Inhibition of Kir2.1 channel-induced depolarization promotes cell biological activity and differentiation by modulating autophagy in late endothelial progenitor cells.
Other Scholarly Work
Zhang, Xiaoyun, Cui, Xiaodong, Li, Xin et al. (2019). Inhibition of Kir2.1 channel-induced depolarization promotes cell biological activity and differentiation by modulating autophagy in late endothelial progenitor cells.

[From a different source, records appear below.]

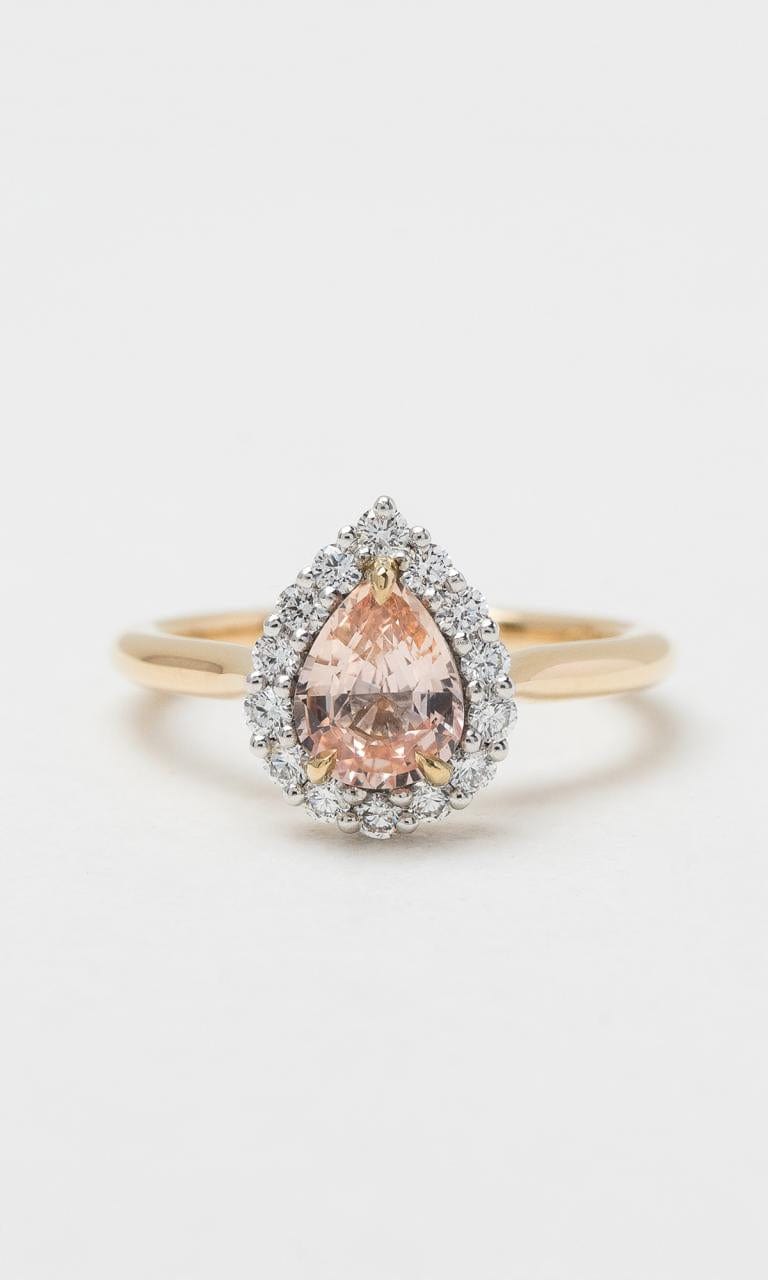 Hogans Family Jewellers 18K YWG Pear Cut Padparadscha Sapphire Halo Ring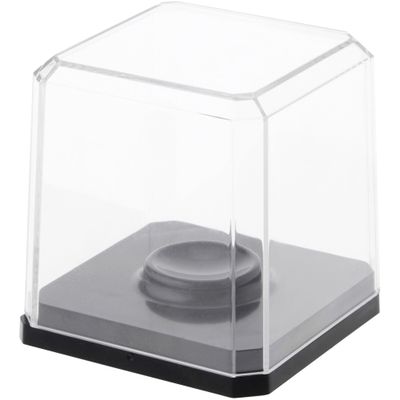 Pioneer Plastics 020CGOLF-BB Clear Plastic Golf Ball Display Case with Black Base, 2.125" W x 2.125" D x 2" H, Pack of 6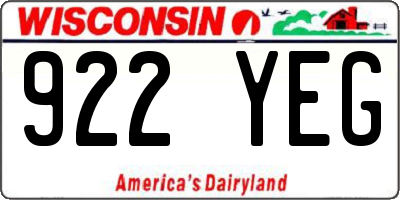 WI license plate 922YEG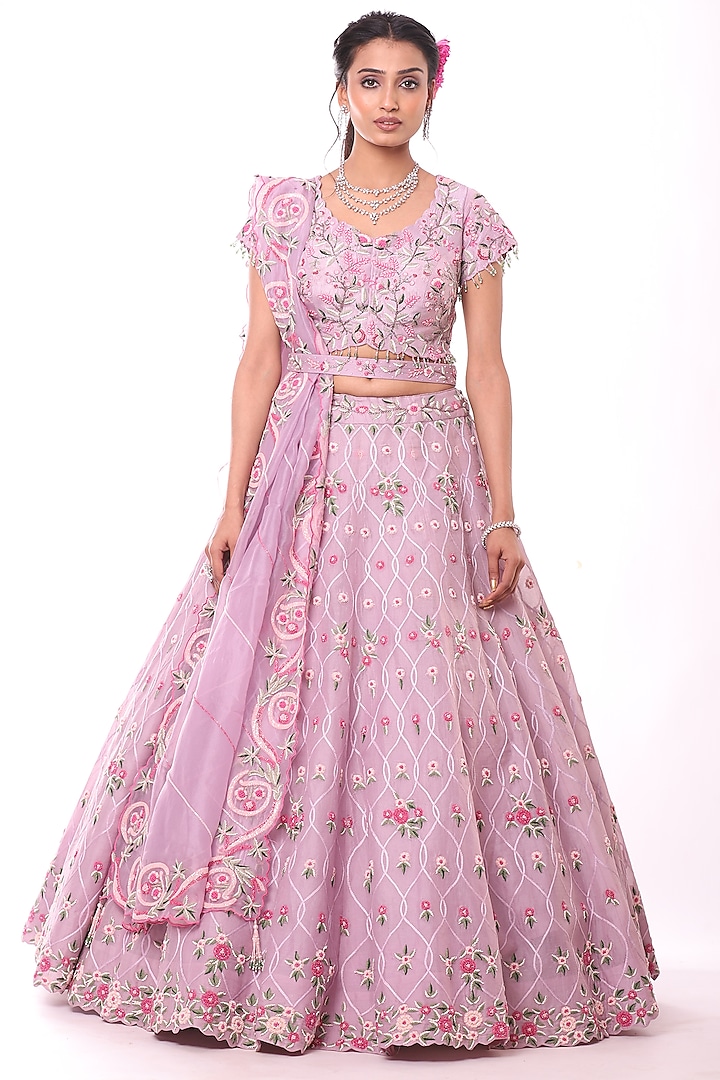 Lavender Embroidered Lehenga Set by Label Sonia Bansal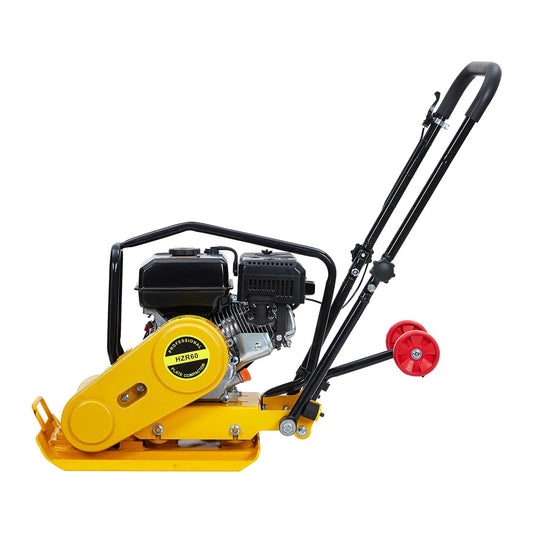 7HP Plate Compactor Rammer with 212cc Gas Engine, 5600 VPM, 4200 Lbs Compaction Force Ground Compactors for Paving Landscaping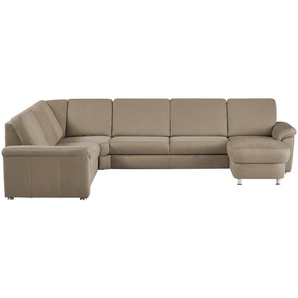 meinSofa Wohnlandschaft Mikrofaser Rita ¦ beige ¦ Maße (cm): B: 330 H: 91 T: 240.0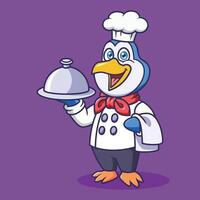 schattig pinguïn chef dier tekenfilm vector illustratie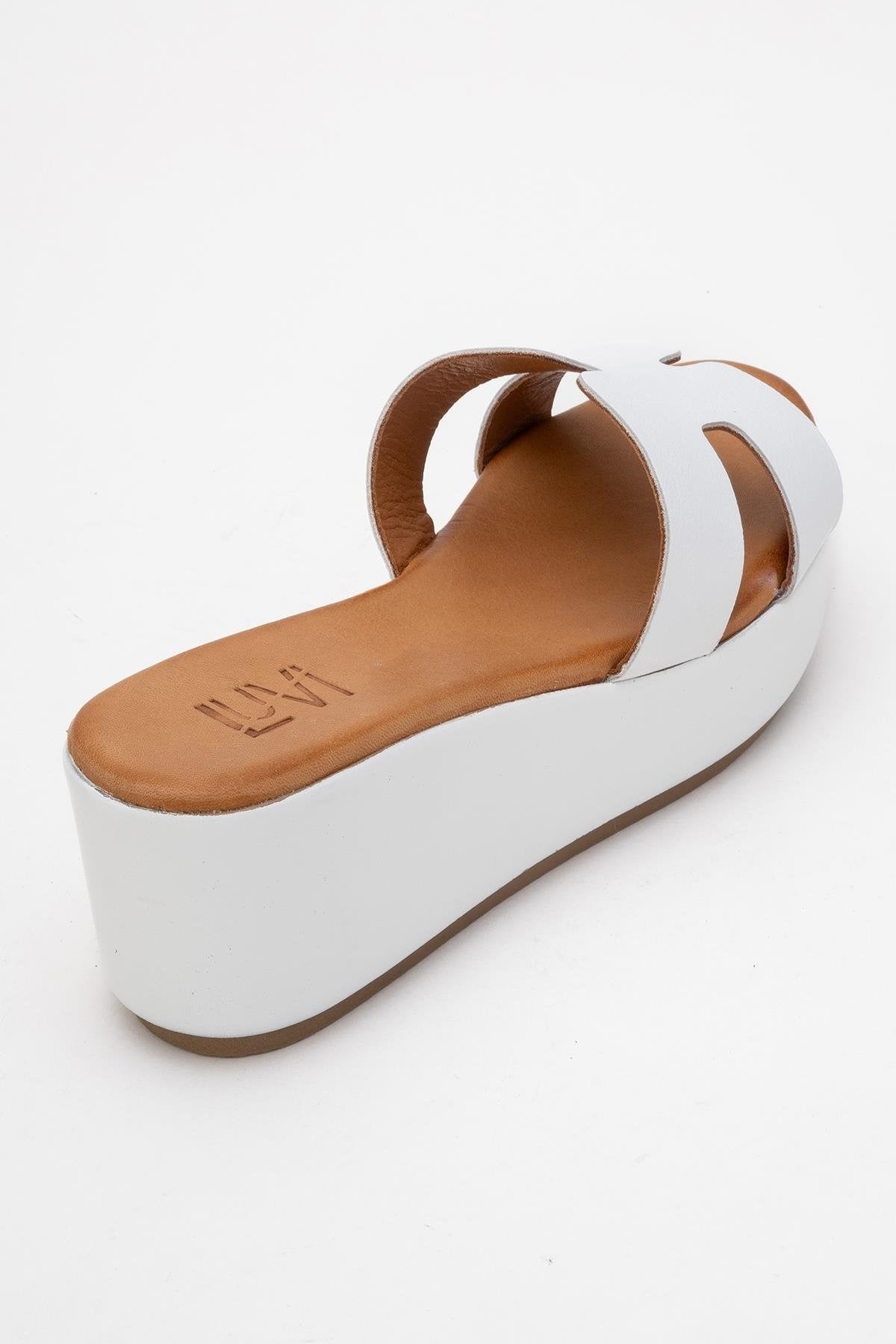 Lia White Leather Platform Slide (Women)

. 127 57-66. 10.1016/j.yjmcc.2018.11.005
Endothelial progenitor cells (EPCs) play a crucial role in postnatal angiogenesis and neovascularization. Inward rectifier potassium channel 2.1 (Kir2.1) have been identified in EPCs. However, the effect of Kir2.1 on EPC function is not known. Here, we try to establish the role of Kir2.1 channels in EPC function and to provide first insights into the mechanisms.
Methods and results
We first observed that the expression of Kir2.1 gradually decreased with the differentiation of EPCs into ECs in gene and protein levels. Treatment with the Kir2.1-selective inhibitor ML133 or knockdown of Kir2.1 by shRNA triggered EPC depolarization and promoted EPC biological functions, such as migration, adhesion, angiogenesis and differentiation into ECs in vitro. Transplantation of ML133-treated or Kir2.1 knockdown EPCs facilitated re-endothelialization in the rat injured arterial segment and inhibited neointima formation in vivo. In parallel, ML133 significantly enhanced autophagy and autophagic flux. After suppression of autophagy by 3-methyladenine (3-MA), the effects of ML133 on in vitro function and in vivo endothelialization capacity of EPCs were significantly inhibited. Mechanistically, ML133-induced autophagy was mediated at least partly by increased the activity of reactive oxygen species (ROS) that likely through intracellular calcium.
Conclusion
Our study indicates that blocking or knockdown Kir2.1 results in a moderate depolarization of EPCs, which directly participated in enhancing EPC functions both in vitro and in vivo. In the mean time, autophagy signaling pathway is, at least in part, involved in this process. It may provide a potential target for the treatment or prevention of vascular injury and disease.